In Sheehan v. State, 83 Okl.Cr. 41, 172 P.2d 809 (1946), this Court stated:
“ * * * a person is guilty of burglary in the second degree who breaks and enters a building in which property is kept zvith intent * * * to steal therein or * * * to commit any felony.” (Emphasis Added)
By the testimony of the state’s own witness, the defendant understood that he was assisting Michael Sims get property which he said he had bought from his relatives, and which supposedly belonged to him. Consequently, I fail to see proof of the requisite element of intent.
Defendant, who was eighteen years old, was charged with this crime “after former conviction of a felony,” which resulted in the ten-year penitentiary sentence, the minimum under 21 O.S.Supp.1968, § 51. When defendant testified in his own behalf, he admitted that he and another boy had earlier taken a stereo pack out of two different cars. Defendant’s father appears to have voluntarily surrendered the boy to the police on those two counts; he entered a plea of guilty to the two counts and was given a two-year suspended sentence. It was those convictions upon which the prosecution relied for the jury to “imply” defendant’s intent to commit a crime in this case.
Referring now to the majority opinion’s criticism of Lindsey v. State, Okl.Cr., 488 P.2d 935 (1971), which criticism is premised upon the United States Supreme Court decision in Alderman v. United States, supra, I fail to see its applicability as a modification of Lindsey. In the first place, Alderman was concerned with a wire-tapping matter in which the petitioners asserted that the electronic eavesdropping might have violated their Fourth Amendment rights and tainted their convictions. Six members of the Supreme Court, speaking through Mr. Justice White’s opinion, held that co-conspirators and co-defendants whose rights were not violated by illegal eavesdropping have no standing to object to the admission of evidence obtained as a fruit of such eavesdropping. That decision, in which five members agreed, also held that the owner of the premises, whether present or not, does have standing to object to the admissibility of such illegal evidence, even though he did not participate in the conversations. Five members of the Court also considered that the government should either dismiss the case, or disclose the illegally obtained evidence.

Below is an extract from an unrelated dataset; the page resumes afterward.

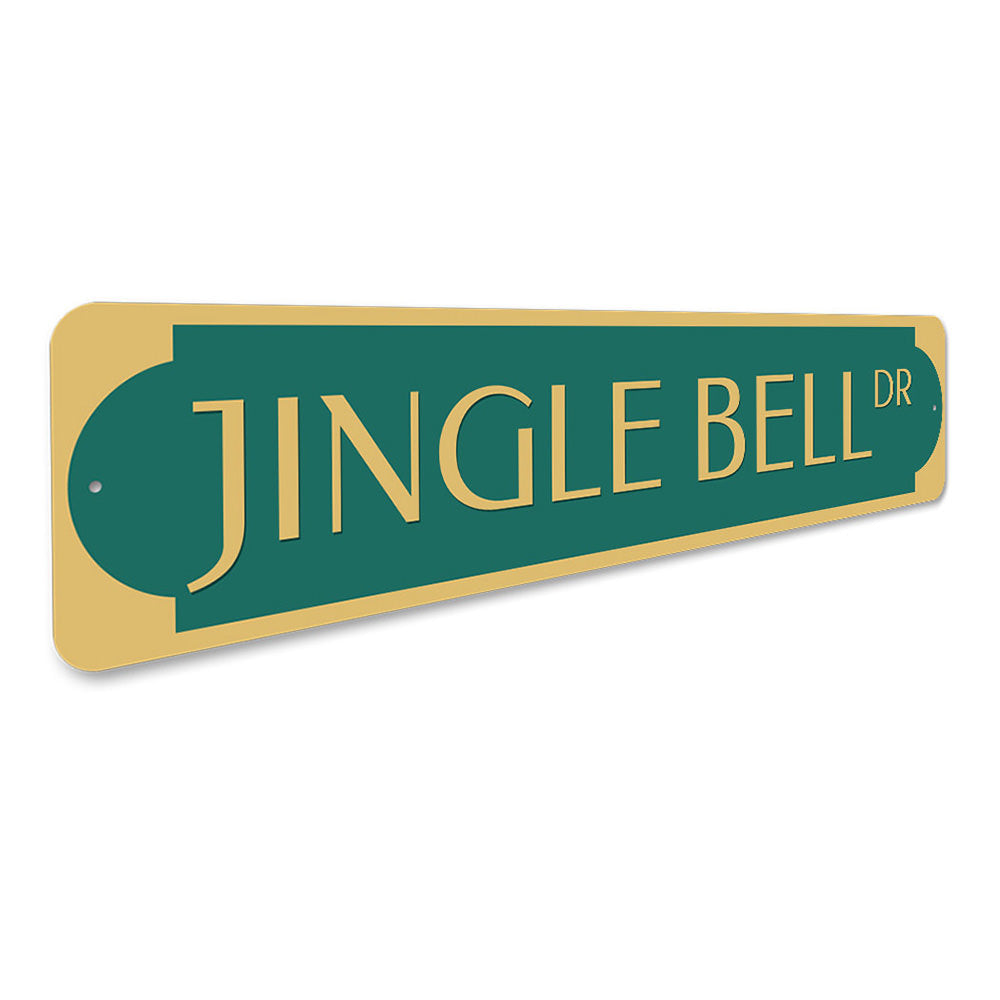 Jingle Bell Drive Christmas Sign Aluminum Sign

In Alderman, at page 186 in 22 L.Ed.2d and page 173 in 394 U.S. and page 966 in 89 S.Ct., the Supreme Court sets forth immediately preceding the citation quoted in this Court’s majority opinion, the following:
“The rule is stated in Jones v. United States, 362 U.S. 257, 261, 80 S.Ct. 725, 731, 4 L.Ed.2d 697 [702] [78 ALR2d 233] (1960):
‘In order to qualify as a “person aggrieved by an unlawful search and *413seizure” one must have been a victim of a search or seizure, one against whom the search was directed, as distinguished from one who claims prejudice only through the use of evidence gathered as a consequence of a search or seizure directed at someone else.
Ordinarily, then, it is entirely proper to require of one who seeks to challenge the legality of a search as the basis for suppressing relevant evidence that he allege, and if the allegation be disputed that he establish, that he himself was the victim of an invasion of privacy.’
“This same principle was twice acknowledged last Term. Mancusi v. DeForte, 392 U.S. 364, 88 S.Ct. 2120, 20 L.Ed.2d 1154 (1968); Simmons v. United States, 390 U.S. 377, 88 S.Ct. 967 [19 L.Ed.2d 1247] (1968).
“We adhere to these cases and to the general rule that Fourth Amendment rights are personal rights which, like some other constitutional rights, may not be vicariously asserted, [citations omitted] None of the special circumstances which prompted NAACP v. Alabama, 357 U.S. 449, 78 S.Ct. 1163, 2 L.Ed.2d 1488 (1958), and Barrows v. Jackson, 346 U.S. 249, 73 S.Ct. 1031, 97 L.Ed. 1586 (1953), are present here. There is no necessity to exclude evidence against one defendant in order to protect the rights of another. No rights of the victim of an illegal search are at stake when the evidence is offered against some other party. The victim can and very probably will object for himself when and if it becomes important for him to do so.”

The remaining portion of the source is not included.